### Work to be completed:
Below is a listing with pictures in it; transcribe exactly the lines from the one that has "For Men #1426740" through the one that has "57683 Cantata Drive - Photo 1", and omit those pictures.

### Dataset content:

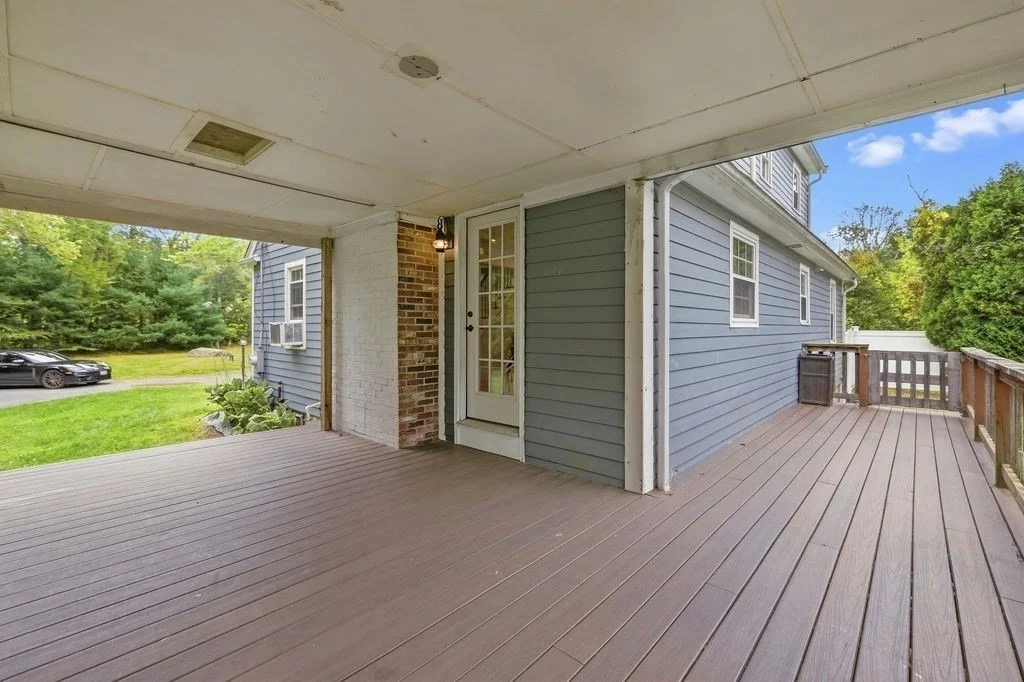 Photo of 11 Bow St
==
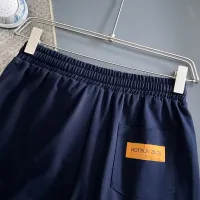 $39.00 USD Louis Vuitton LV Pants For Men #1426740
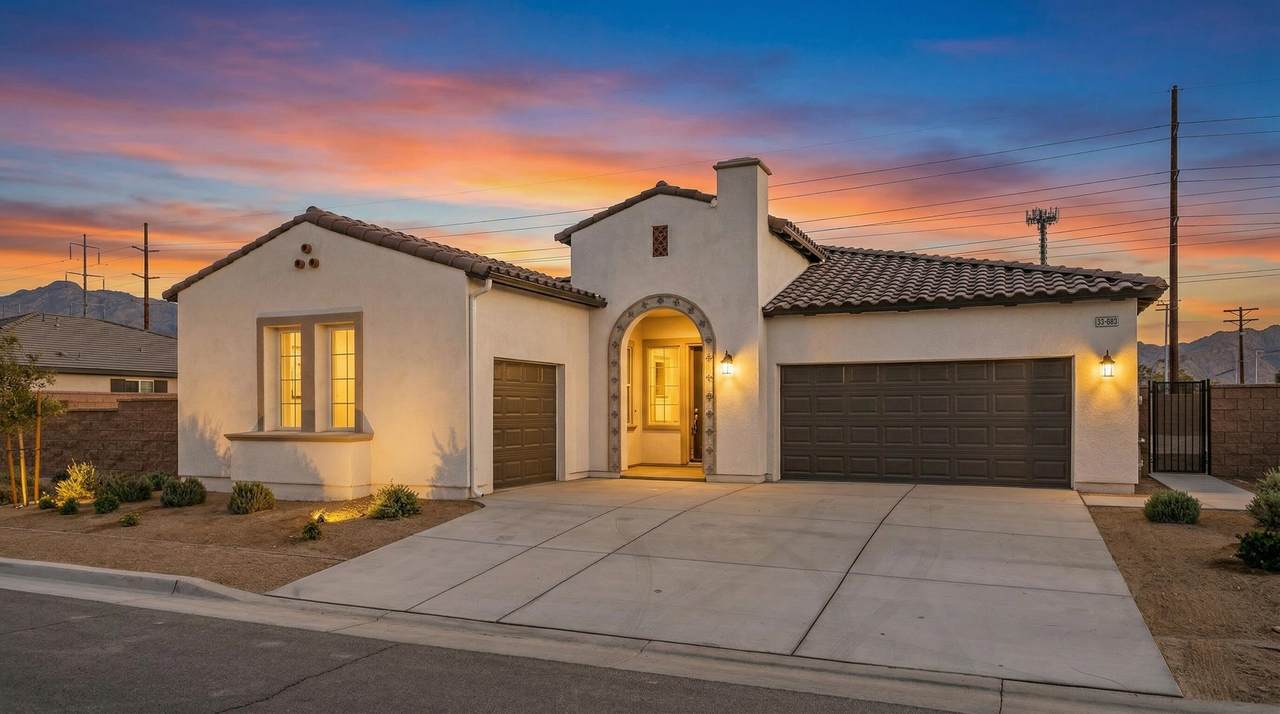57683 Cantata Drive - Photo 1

### Answer space:
 $39.00 USD Louis Vuitton LV Pants For Men #1426740
57683 Cantata Drive - Photo 1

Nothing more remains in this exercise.